There is a significant relationship since the p-value is 7.253817e-06. Since the p-value is below .05 we reject the null hypothesis, and since our null hypothesis states there is no correlation between gpa and slavery the p-value shows that there is.
model <- lm(Salary ~ GPA, data = gpasalary)

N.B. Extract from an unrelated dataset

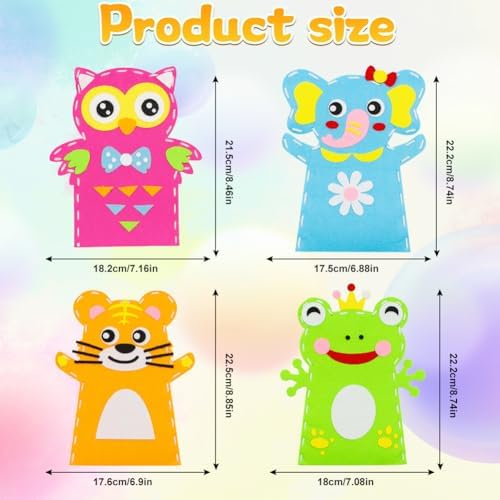 Cosysparks 4 Pack Animal Hand Puppet Sewing Kits for Kids, DIY Craft Toys, Beginner Sewing Set for Boys and Girls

summary_model <- summary(model)

# Extract the p-value for the GPA coefficient
p_value <- summary_model$coefficients[2, 4]  # This extracts the p-value for the GPA coefficient

cat("P-value for the GPA coefficient:", p_value, "\n")
## P-value for the GPA coefficient: 7.253817e-06
if (p_value < 0.05) {
    cat("At the 0.05 level of significance, there is a significant relationship between GPA and Salary.\n")
} else {
    cat("At the 0.05 level of significance, there is NOT a significant relationship between GPA and Salary.\n")
}
## At the 0.05 level of significance, there is a significant relationship between GPA and Salary.

d)

Multiple R-squared: 0.9288, Adjusted R-squared: 0.9199 (found from previous r script).R- squared represents the variance dependent variable explained by the independent variable. With a multiple R-Squared being .9228, this means that GPA explains 92.88% of the variation of salary. Since the R-Squared is so close to one it gpa almost perfectly explains salaries variation.

e)

The estimated standard error for the intercept is -110210 and for GPA is 72990 (Found from previous r script).